> _Work request_:
Could you return each entry below exactly as written, minus any pictures?

[[ Record set, beginning ]]

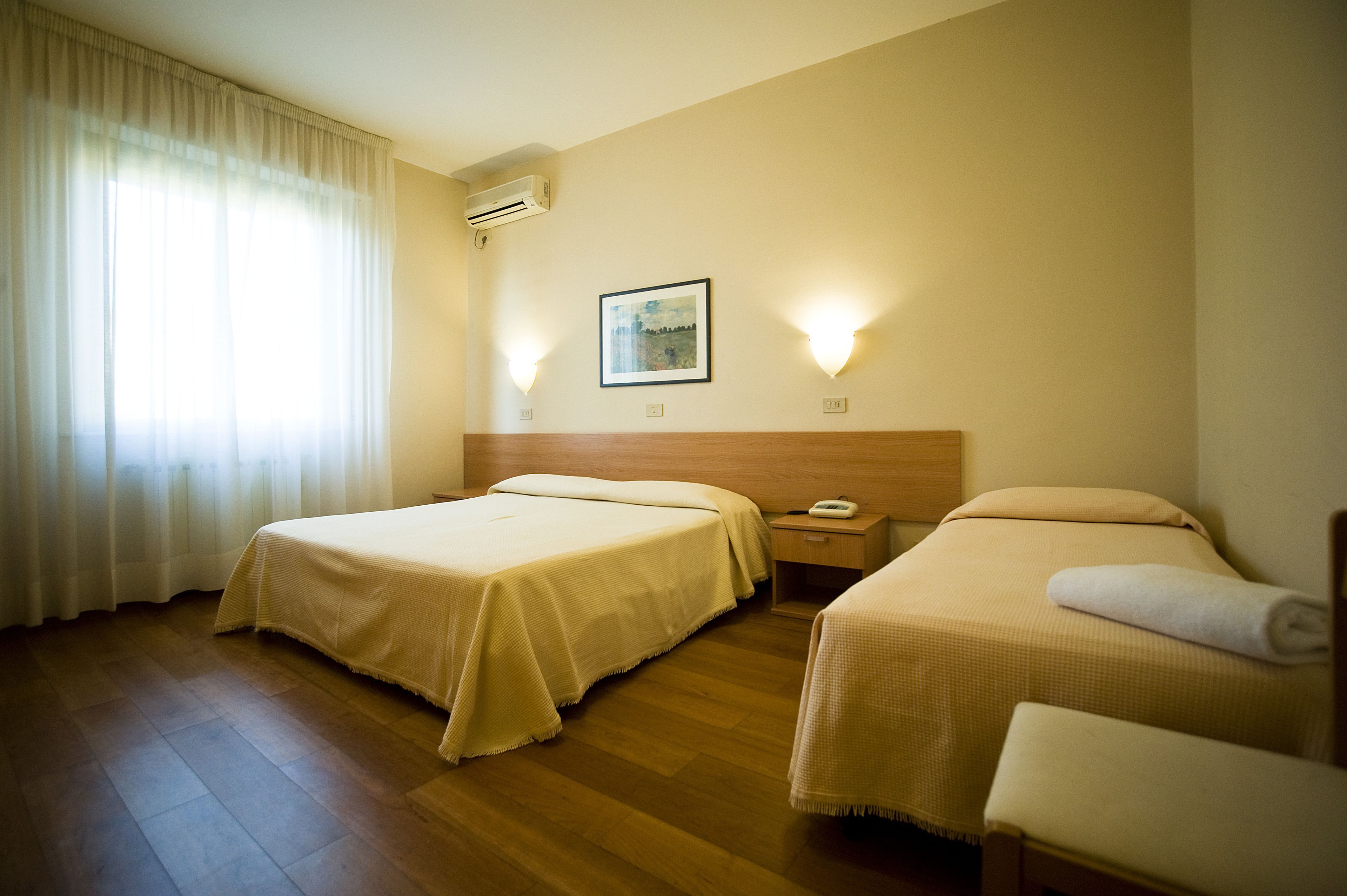 A hotel room with two beds, a wooden floor, a nightstand, and a wall-mounted air conditioner.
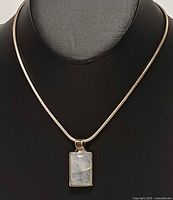 Full view of sterling silver necklace with moonstone pendant on display bust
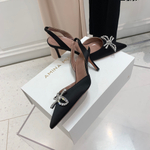 Amina Muaddi Pumps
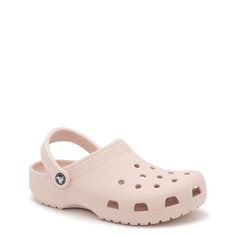 Fall in love with the step-in comfort of these unisex quartz (light pink) Classic clogs from Crocs. Made of lightweight, durable Croslite material in a molded design for long-term use, these easy-to-clean clogs have a pivoting heel strap for a perfect fit. Iconic Crocs Comfort system provides lightweight feel, flexibility, and 360-degree comfort. The ventilation holes on the upper allow to attach Jibbitz charms to personalize your look. (charms sold separately) | Crocs Women's Unisex Classic Clo Crocs Light Pink, Light Pink Crocs, Cool Crocs, White Clogs, Crocs Pink, Pink Crocs, Crocs Jibbitz, Women's Crocs, Birthday List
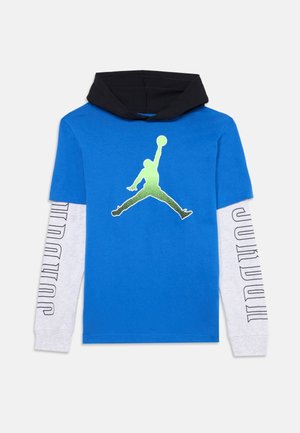 Blå og sort hættetrøje med hvide ærmer med teksten "JORDAN" og en grøn silhuet af en basketballspiller på brystet.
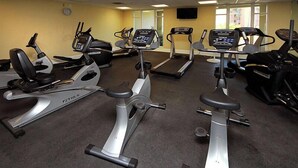 Ein Fitnessraum mit mehreren Cardiogeräten, darunter Laufbänder und Crosstrainer, mit Teppichböden und einer Uhr an der Wand.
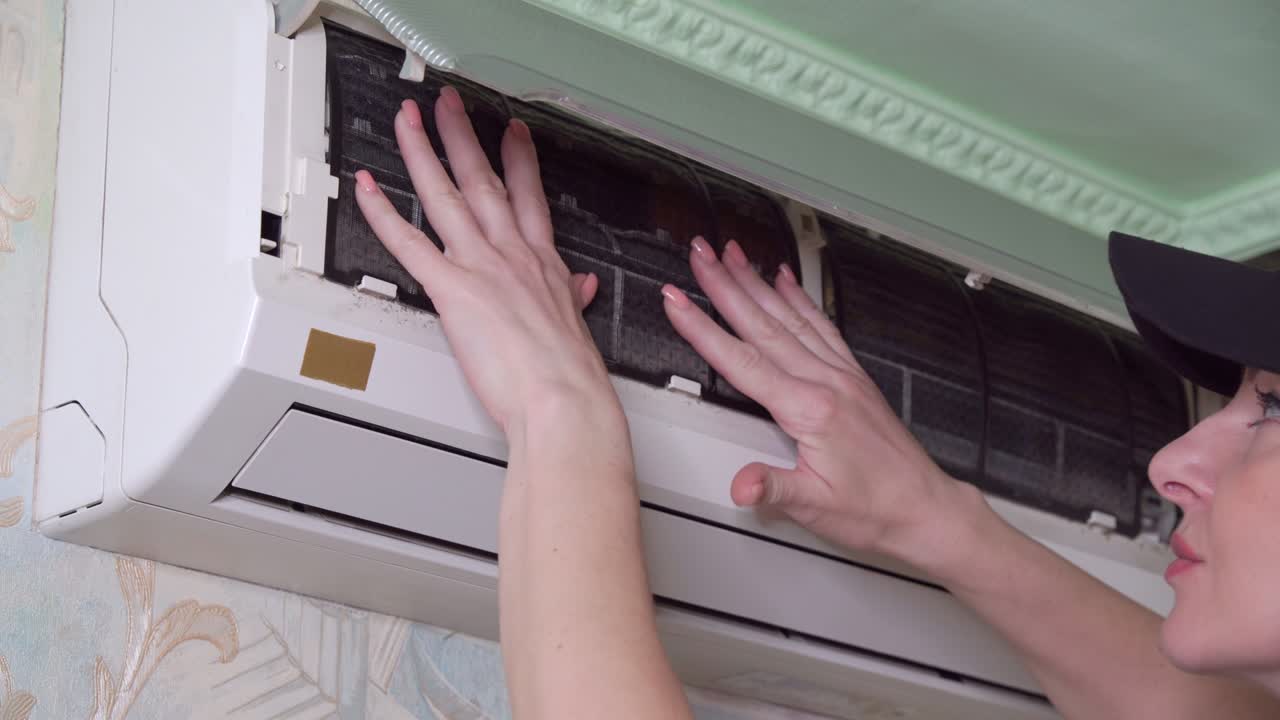Mani di donna controllano il grado di contaminazione dei filtri dell'aria di un condizionatore domestico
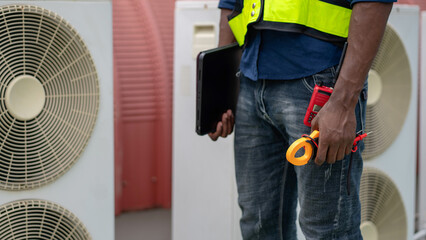 Fototapeta premium Engineers inspecting the air conditioning system in a large building or industrial facility.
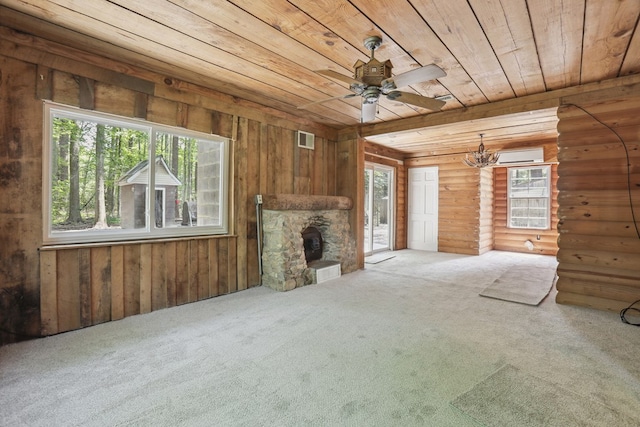 63 Pioneer Trl, Hague, VA 22469 - unfurnished living room with wood ceiling, carpet flooring, ceiling fan, a stone fireplace, and a chandelier
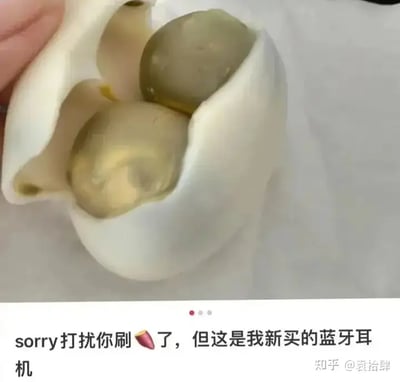 这张图展示了一个咸鸭蛋剥开后露出两个蛋黄，视觉上和蓝牙耳机的充电盒极为相似，搭配文字形成网络双关玩笑，是典型的视觉错觉趣图。

涉及网络谐音、暗示和幽默双关。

[[ Record set, end ]]

> _Output below_:
 A hotel room with two beds, a wooden floor, a nightstand, and a wall-mounted air conditioner.
 Full view of sterling silver necklace with moonstone pendant on display bust
 Amina Muaddi Pumps
 Fall in love with the step-in comfort of these unisex quartz (light pink) Classic clogs from Crocs. Made of lightweight, durable Croslite material in a molded design for long-term use, these easy-to-clean clogs have a pivoting heel strap for a perfect fit. Iconic Crocs Comfort system provides lightweight feel, flexibility, and 360-degree comfort. The ventilation holes on the upper allow to attach Jibbitz charms to personalize your look. (charms sold separately) | Crocs Women's Unisex Classic Clo Crocs Light Pink, Light Pink Crocs, Cool Crocs, White Clogs, Crocs Pink, Pink Crocs, Crocs Jibbitz, Women's Crocs, Birthday List
 Blå og sort hættetrøje med hvide ærmer med teksten "JORDAN" og en grøn silhuet af en basketballspiller på brystet.
 Ein Fitnessraum mit mehreren Cardiogeräten, darunter Laufbänder und Crosstrainer, mit Teppichböden und einer Uhr an der Wand.
Mani di donna controllano il grado di contaminazione dei filtri dell'aria di un condizionatore domestico
 Fototapeta premium Engineers inspecting the air conditioning system in a large building or industrial facility.
 63 Pioneer Trl, Hague, VA 22469 - unfurnished living room with wood ceiling, carpet flooring, ceiling fan, a stone fireplace, and a chandelier
 这张图展示了一个咸鸭蛋剥开后露出两个蛋黄，视觉上和蓝牙耳机的充电盒极为相似，搭配文字形成网络双关玩笑，是典型的视觉错觉趣图。

涉及网络谐音、暗示和幽默双关。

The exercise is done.